Fuchs at first wouldn’t cooperate at all, but, in Jan. 1950, he confessed (and, in a very brief trial, was convicted and sentenced to 14 years in prison). Even then he insisted that he knew of other agents only by codenames, with one exception. He did identify his courier, Harry Gold. The revelation to the public that Fuchs, a top atomic physicist, was a spy was another major Cold War shock to the American (and British) public. An obscure Wisconsin Republican congressman, Joseph McCarthy, took advantage of the hysteria and announced in a speech in Feb. 1950 that he had a list (a lie!) of spies within the State Department; soon, as he began to haul people in for Congressional hearings, he would become one of the most feared politicians in American history.

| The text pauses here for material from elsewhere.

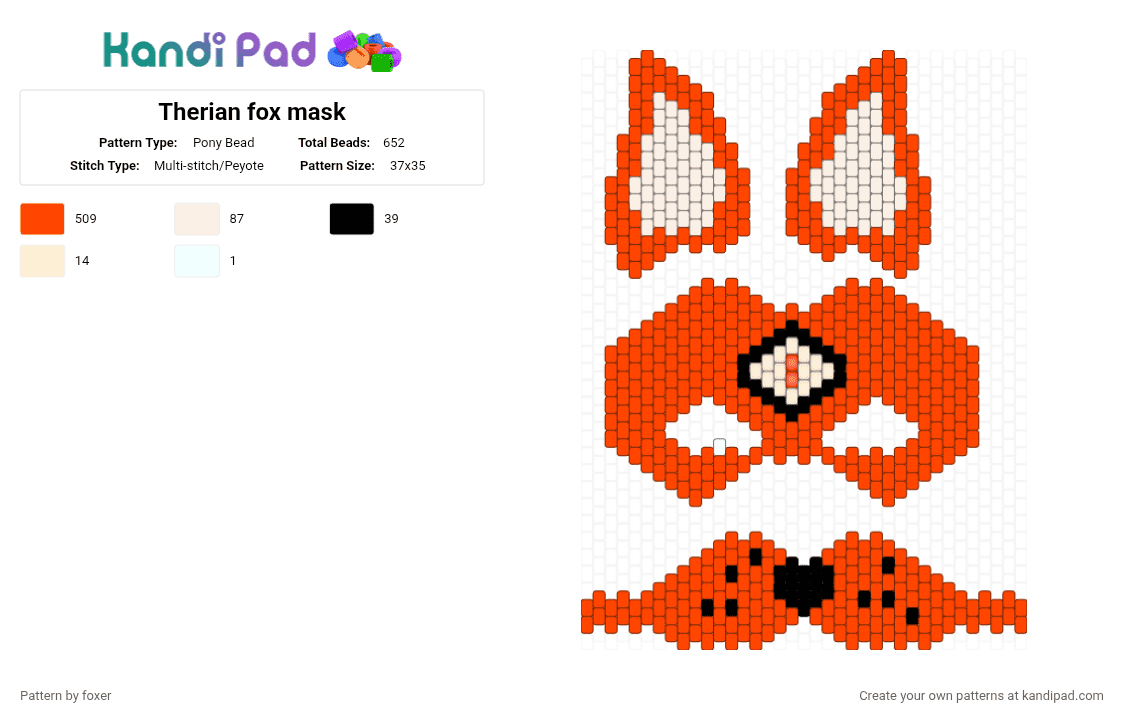 Therian fox mask - Pony Bead Pattern by foxer on Kandi Pad - red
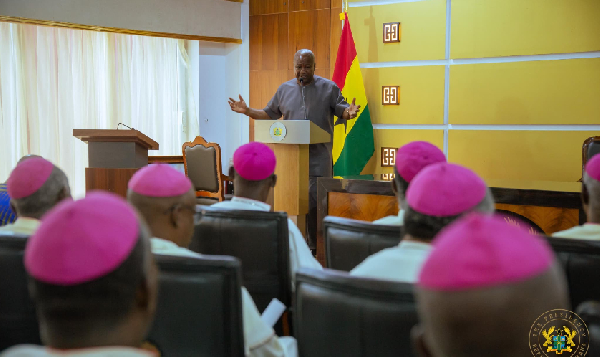 President Mahama addressing the Catholic Bishops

On May 23, the FBI arrested Gold (he was sentenced to 30 years in December). In turn he named two other atomic spies- David Greenglass and Julius Rosenberg (both not nearly as important as Fuchs). Just as they were being arrested, Cold War tensions moved up even further. The Communist North Koreans, armed with Soviet tanks, suddenly invaded non-Communist South Korea on June 25, 1950; within days Truman had committed the U.S. to the (undeclared) Korean War (followed soon by the new United Nations). Greenglass was given a 14-year sentence; in a controversy that continues today, the FBI sought to pressure Julius to confess by charging his wife Ethel with espionage as well (historians now agree that her role was minimal). When he refused, both were sentenced to death (and were executed in 1953, after the new president, Eisenhower, refused to pardon them!). This outcome, on top of McCarthy’s ruining of others’ careers, deeply hurt top codebreaker Meredith Gardner, who, while not questioning the spies’ guilt, was quoted as saying about VENONA: “I never wanted it to get anyone into trouble.” In November, Bill Weisband failed to appear for a grand jury meeting, and was sentenced to a year in jail (which he never served).

As for Hall, the other truly important atomic spy, he did come under FBI suspicion, and in March 1951 was interviewed by an agent for three hours in Chicago. He admitted nothing; the agent remained convinced of his guilt; and right afterward, Hall and his wife cleared their apartment of any papers that were possibly incriminating, and dumped them in a drainage canal! A wise move- his espionage would remain unrevealed for four more decades.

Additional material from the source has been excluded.